### [Records provided]
╔══

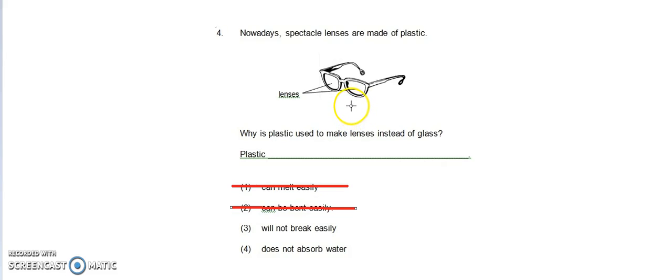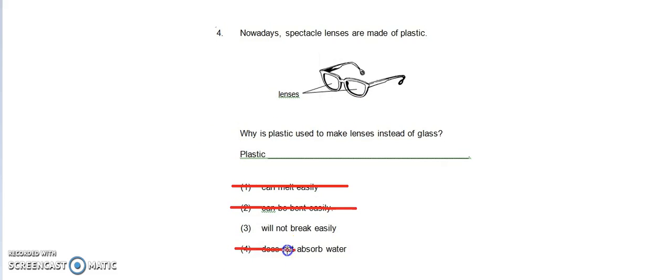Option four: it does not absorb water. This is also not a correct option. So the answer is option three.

╚══
╔══

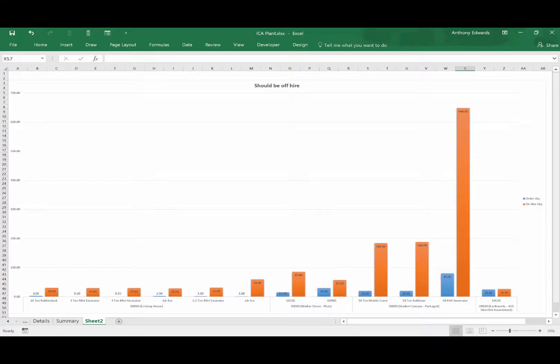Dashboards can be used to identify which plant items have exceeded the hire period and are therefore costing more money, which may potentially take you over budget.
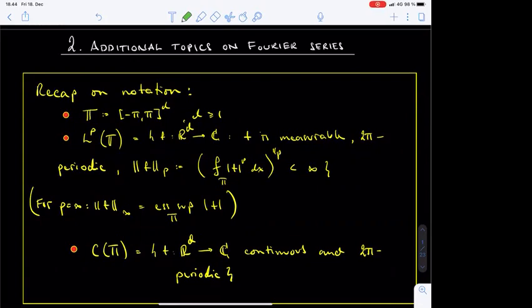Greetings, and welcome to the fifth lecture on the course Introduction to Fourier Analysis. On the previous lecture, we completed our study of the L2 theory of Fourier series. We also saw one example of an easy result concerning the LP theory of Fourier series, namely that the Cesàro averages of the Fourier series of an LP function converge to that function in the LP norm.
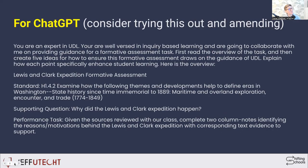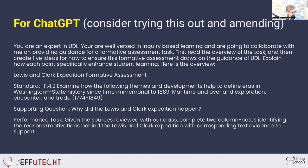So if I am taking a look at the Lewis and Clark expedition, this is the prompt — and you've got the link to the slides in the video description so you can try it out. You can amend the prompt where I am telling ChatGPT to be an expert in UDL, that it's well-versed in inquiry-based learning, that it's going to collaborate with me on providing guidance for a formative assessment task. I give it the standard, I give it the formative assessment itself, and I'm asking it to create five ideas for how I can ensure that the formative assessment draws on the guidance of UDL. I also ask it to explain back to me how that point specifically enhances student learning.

╚══
╔══

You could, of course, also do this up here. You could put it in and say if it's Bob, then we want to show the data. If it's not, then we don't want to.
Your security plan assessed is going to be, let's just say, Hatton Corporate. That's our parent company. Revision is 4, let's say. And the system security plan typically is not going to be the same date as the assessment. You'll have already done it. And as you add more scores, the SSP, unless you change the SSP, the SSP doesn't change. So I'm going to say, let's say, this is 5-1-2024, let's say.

╚══

### [Exercise]
Look above for the line containing "Dashboards can be", then copy exactly from it through the line containing "Greetings, and welcome", keeping both and leaving out pictures. Add nothing else.

### [Exercise answer]
Dashboards can be used to identify which plant items have exceeded the hire period and are therefore costing more money, which may potentially take you over budget.
Greetings, and welcome to the fifth lecture on the course Introduction to Fourier Analysis. On the previous lecture, we completed our study of the L2 theory of Fourier series. We also saw one example of an easy result concerning the LP theory of Fourier series, namely that the Cesàro averages of the Fourier series of an LP function converge to that function in the LP norm.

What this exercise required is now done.